Sometimes, and in some places there may be structures which can contain its nature. In my old call centre it was a firebrand of a union-rep who genuinely put the fear into managers at all levels and whose approach meant that toilet breaks went unremarked upon, in others it may be an organisation which takes a more holistic approach. However, as soon as this changes it seems the call centre reverts to type.

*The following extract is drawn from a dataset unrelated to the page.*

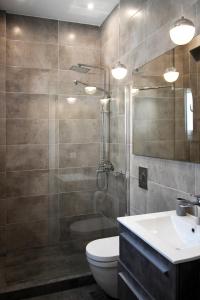 a bathroom with a shower and a toilet and a sink at Nest Apartment in Athens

Funniest Call Centre Moments

It’s not all grim in the call centre. Sometimes it can even be quite funny. Call centre humour can come in a variety of forms;  bizarre calls, strange customers, headsets slipping off mid-call or agents falling off chairs. As part of the call centre interviews feature I asked interviewees for their funniest call centre moment. In no particular order here are a few (and if you have your own funny call centre story, please share this in the comments section – it’d be great to hear some more!):

Plane Talk

I had to call my ticketing department, which has agents in 2 different cities, so your call could end up in one of two call centers. One of my coworkers was chatting on his line about books with someone, and asking questions. Then I heard the ticketing agent sitting next to the one I was speaking with answer his question, so I could hear both sides of the conversation at once, happening in 2 different cities.

Anna – Credit control

Person calling to tell us they had just had a big poo.

Call Centre Girl

A lady wanted to know if she broke down whilst transporting sheep in a trailer, if we would recover the livestock if she put them into her car! Had visions of about 10 fluffy white sheep stuffed into a Nissan Micra…….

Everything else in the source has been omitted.